Set down, character for character, everything in the records below from the line holding "Can it fit a" down to the line holding "Toyota Corolla Altis", and no other line.

▸ Excerpted data:
▽
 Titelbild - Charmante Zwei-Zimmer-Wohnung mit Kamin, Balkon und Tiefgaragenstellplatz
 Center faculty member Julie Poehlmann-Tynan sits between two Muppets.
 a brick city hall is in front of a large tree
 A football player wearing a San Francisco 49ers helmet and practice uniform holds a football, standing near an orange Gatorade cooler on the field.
△
▽
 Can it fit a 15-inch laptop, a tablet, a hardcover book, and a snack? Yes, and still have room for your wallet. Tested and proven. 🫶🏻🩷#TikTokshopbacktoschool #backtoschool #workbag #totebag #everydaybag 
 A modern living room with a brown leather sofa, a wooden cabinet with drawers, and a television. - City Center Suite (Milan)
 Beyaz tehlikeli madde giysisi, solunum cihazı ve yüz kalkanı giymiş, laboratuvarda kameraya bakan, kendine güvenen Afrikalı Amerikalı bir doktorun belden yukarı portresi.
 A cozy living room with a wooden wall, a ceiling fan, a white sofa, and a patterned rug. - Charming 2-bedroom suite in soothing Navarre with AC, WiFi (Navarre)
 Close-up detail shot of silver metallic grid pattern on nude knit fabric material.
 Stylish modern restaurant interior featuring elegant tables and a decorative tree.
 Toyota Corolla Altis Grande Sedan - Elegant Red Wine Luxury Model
△
▽
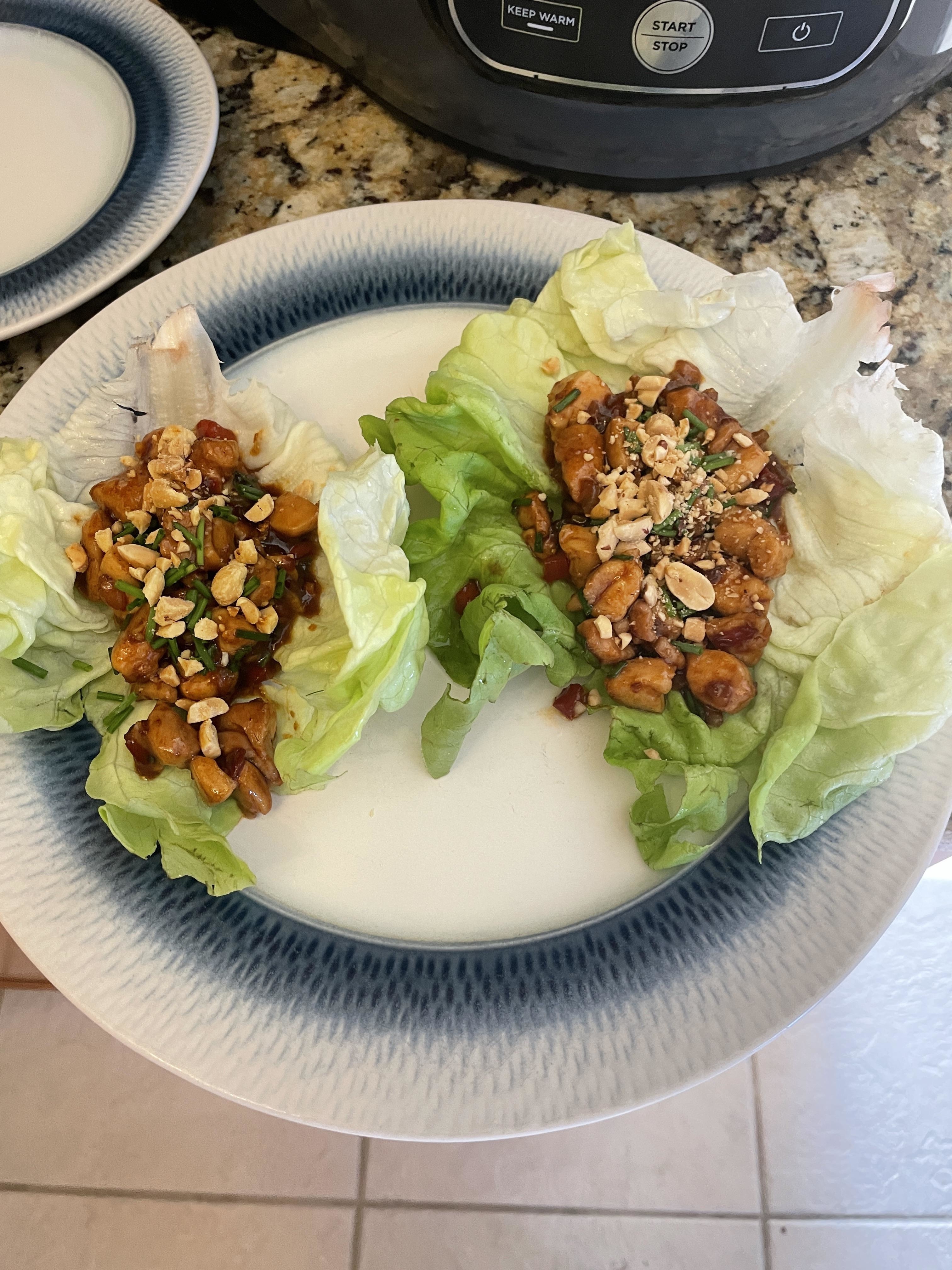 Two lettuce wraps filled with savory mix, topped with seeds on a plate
△
▸ Output for this exercise:
 Can it fit a 15-inch laptop, a tablet, a hardcover book, and a snack? Yes, and still have room for your wallet. Tested and proven. 🫶🏻🩷#TikTokshopbacktoschool #backtoschool #workbag #totebag #everydaybag 
 A modern living room with a brown leather sofa, a wooden cabinet with drawers, and a television. - City Center Suite (Milan)
 Beyaz tehlikeli madde giysisi, solunum cihazı ve yüz kalkanı giymiş, laboratuvarda kameraya bakan, kendine güvenen Afrikalı Amerikalı bir doktorun belden yukarı portresi.
 A cozy living room with a wooden wall, a ceiling fan, a white sofa, and a patterned rug. - Charming 2-bedroom suite in soothing Navarre with AC, WiFi (Navarre)
 Close-up detail shot of silver metallic grid pattern on nude knit fabric material.
 Stylish modern restaurant interior featuring elegant tables and a decorative tree.
 Toyota Corolla Altis Grande Sedan - Elegant Red Wine Luxury Model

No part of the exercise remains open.